(L-R) Robyn Bolling, Kathy Ralston, Steve Sellers and Dan Eggelston

Many departments within Albemarle County have become understaffed and underfunded, county officials said during a work session Wednesday. The conversation was the third the Board of Supervisors has held on the five-year financial plan, which is scheduled to be adopted next week.

“What you’re hearing is that the county is urbanizing, it’s changing and it’s putting pressures on all parts of Albemarle County,” said Col. Steve Sellers, county chief of police.

The five-year financial plan is a planning tool used to show how expenses for local government services compare to revenue projections, and it pulls together the three sections of Albemarle’s budget: the local government, the school division and the capital improvement program. This year marks the first time this process has included the schools.

During Wednesday’s meeting, supervisors heard concerns from a panel of Albemarle employees that included Sellers; Greer Elementary School principal Robyn Bolling; Dan Eggleston, chief of the county fire department; and social services director Kathy Ralston.

Bolling said that Greer is experiencing transience in student cohorts and changing demographics. Currently, 76.6 percent of Greer’s students receive free or reduced price meals. What’s more, 223 of Greer’s 601 students are English as a Second Language students, a population that requires additional intervention services.

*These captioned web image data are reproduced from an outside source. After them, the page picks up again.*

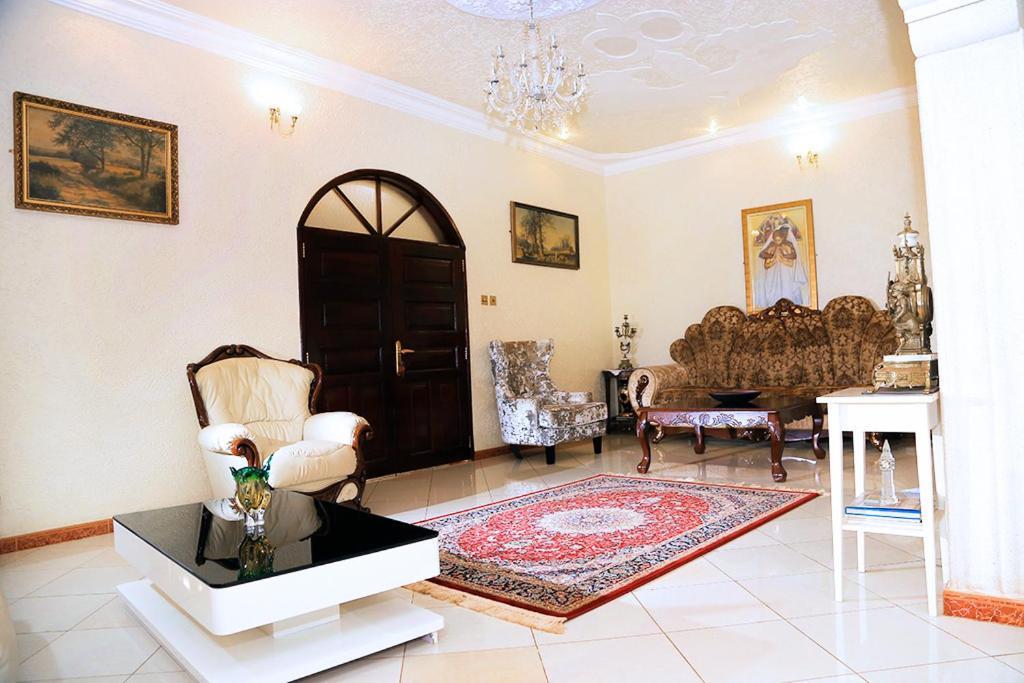 Vila Plot 4 Kavuma Close Kampala Exteriér fotografie
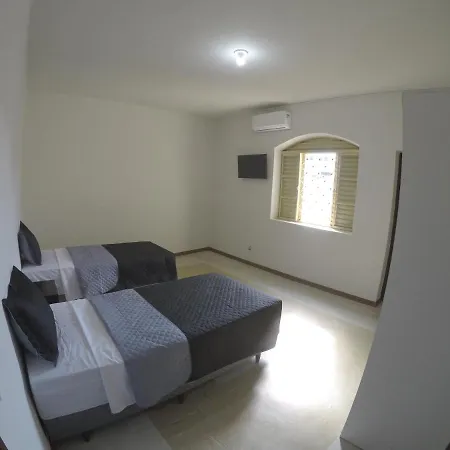 Quartos Delfim Moreira-3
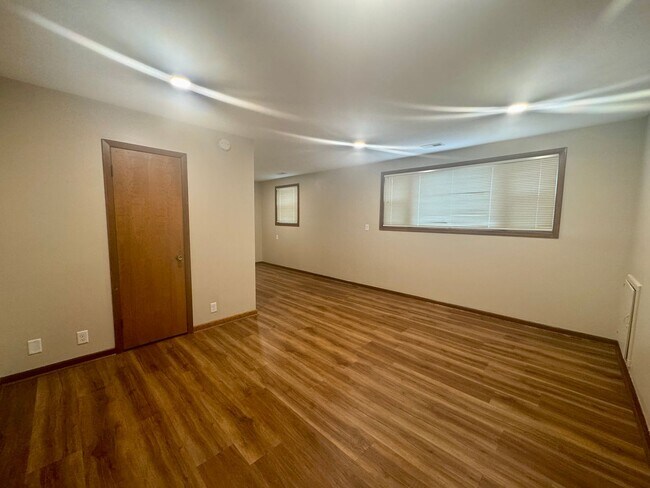 Foto del edificio - 4125 L St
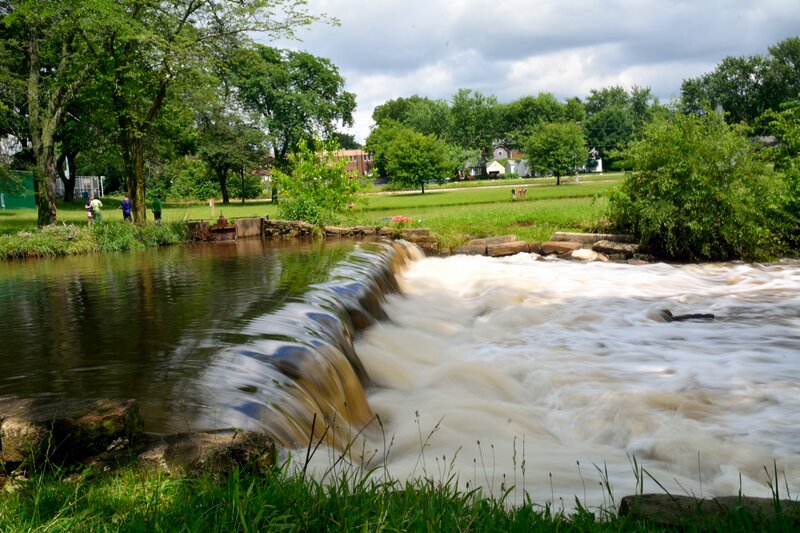 Small Waterfall in Park — Green, Calm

Ralston said the social services office is understaffed by about 23 positions, which means employees are working at 163 percent of capacity. Additionally, new mandates are leading to staff working more overtime hours, which have jumped 94 percent between 2009 and 2014.

“It’s not that there aren’t any
good stories going on, but the
stress on the department is pretty
big right now,” Ralston said.

“It’s not that there aren’t any good stories going on, but the stress on the department is pretty big right now,” Ralston said.

Albemarle’s police department also is understaffed, Sellers said. The national average is 2.51 police officers per 1,000 people. Albemarle averages 1.2 officers per 1,000 people.

“Having the capacity to put officers immediately on community problems is what a community should have, and right now we don’t have that,” Sellers said, noting that officers would also benefit from increased basic training time.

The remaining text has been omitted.